I hear the sound of a struggle, Henry's grunt of pain, and something clattering to the floor. Then Trace's voice, closer now, right at the bottom of the stairs.
"I'm going to make you watch, old man. I’m going to make you watch while I break your precious granddaughter piece by piece. I’m going to make sure the last thing you see is her begging for mercy she'll never get."
"Over my dead body."
"That's the plan."
I see the flash of steel, see Trace lunge forward with a knife in his hand. Henry tries to block, but he's too old, too slow. The blade punches through his chest, and he staggers backward.
No.
The word tears from my throat as I launch myself down the stairs, using all my might to swing the hurley stick.
The heavy wooden stick connects with Trace's skull with a sound like breaking branches. He drops like a stone, blood streaming from his head, the knife clattering across the floor. I drop the hurley and rush forward.
"Henry!" I'm beside my grandfather before Trace hits the ground, pressing my hands against the wound in his chest. Blood seeps between my fingers, too much blood, too fast.
"Alastríona." His voice is weak, fading. "I'm sorry."
"Don't talk. Save your strength. Help is coming."
But we both know it's not true. The wound is too deep, too close to his heart. I can see it in his eyes; the knowledge that this is goodbye.

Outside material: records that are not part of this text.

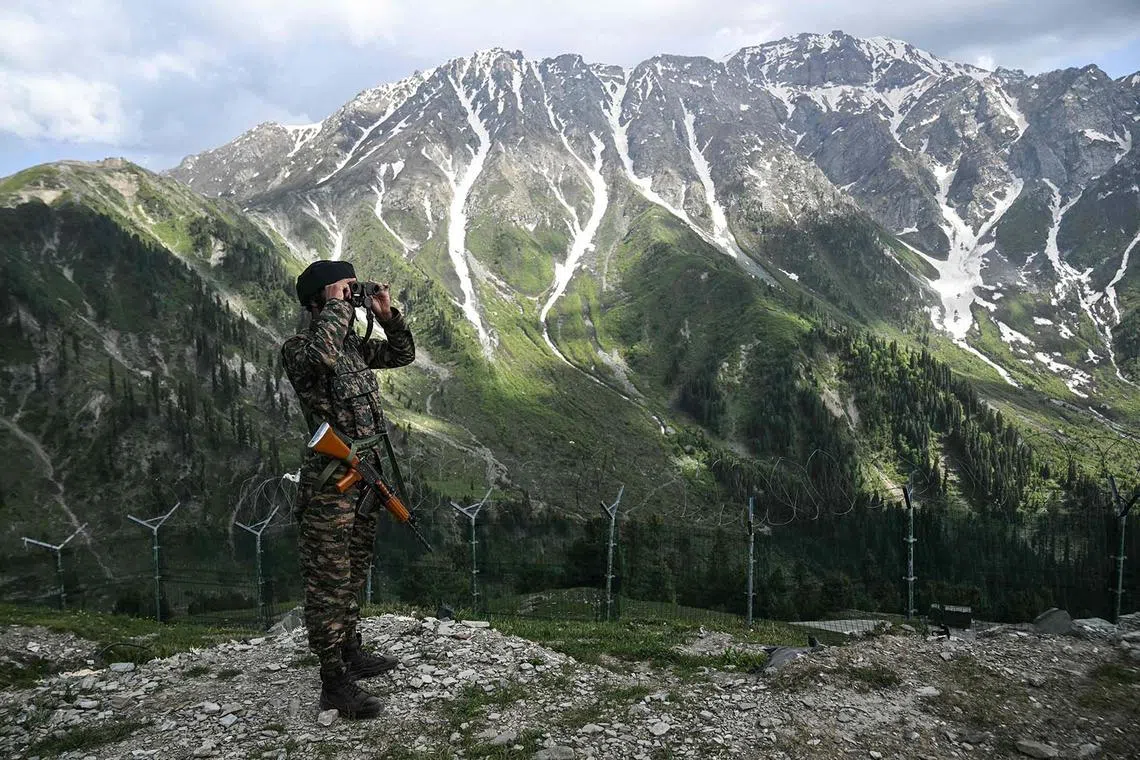 An Indian army soldier standing guard near the Line of Control in India's Kashmir region on May 19, 2025. 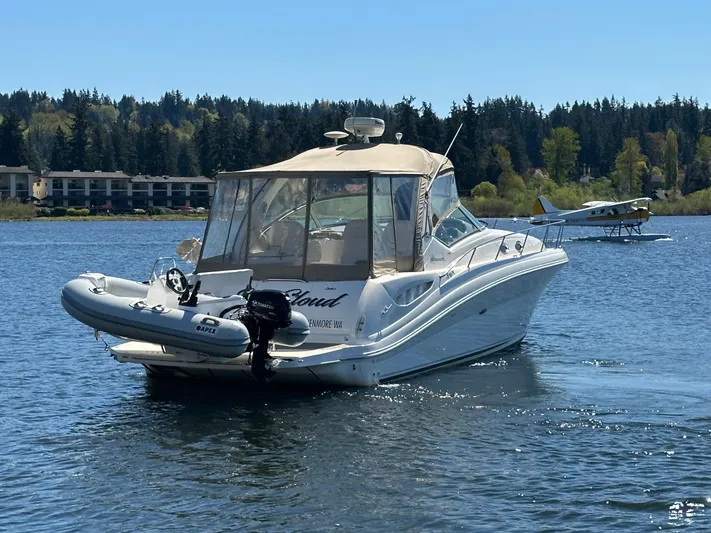  Yacht Photos Pics 2004 Sea Ray 340 Sundancer boat on a lake with a seaplane in the background.
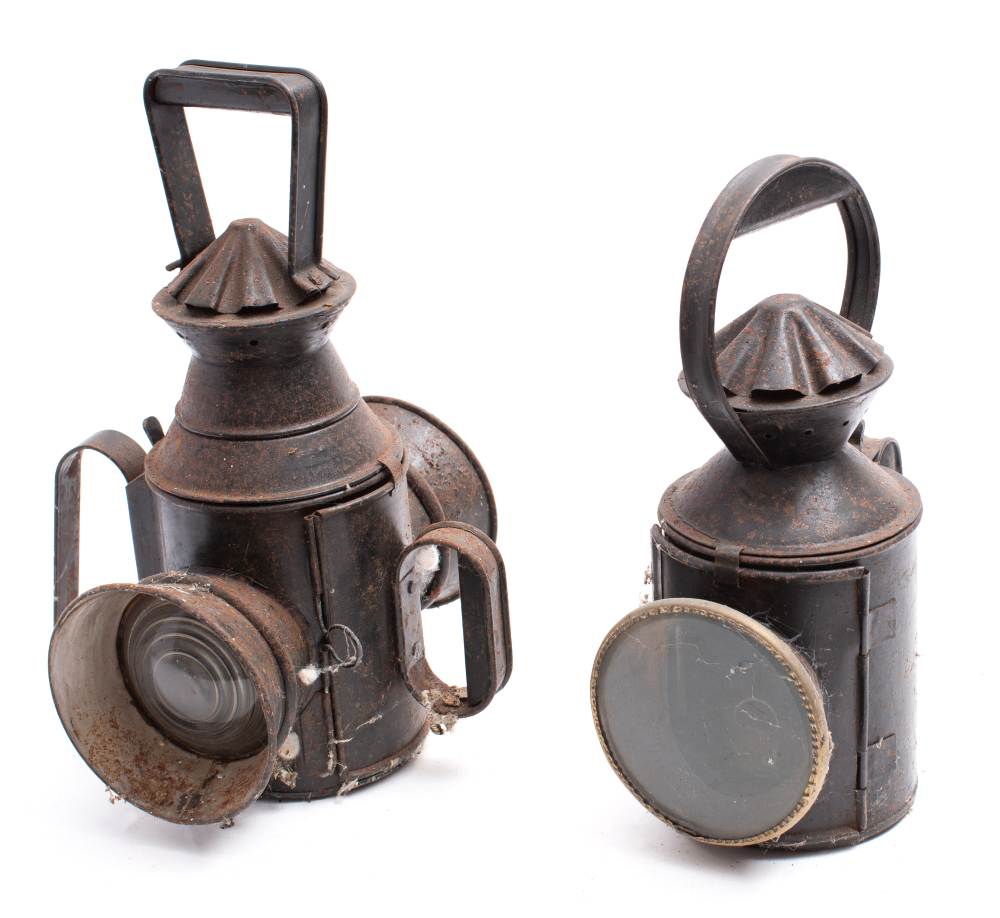 An early 20th century double lens railway hand signal lantern with original burner and two colour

"I love you," he whispers. "More than you know. Thank you for coming home, for giving an old man the chance to get to know his granddaughter."
"Henry, please—"
"Take care of them. The family. They'll need you now."
His hand finds mine, squeezing weakly. "Tell Freddie... tell him he chose well."
And then he's gone. Just like that, just like Dad, just like everyone I've ever loved. Gone, leaving me alone with blood on my hands and a madman unconscious at my feet.
I sit there for a moment, holding my dead grandfather's hand, feeling something inside me break and reshape itself into something harder, colder.
Then I pick up Trace's knife and wait for him to wake up.
We're going to finish this. Once and for all.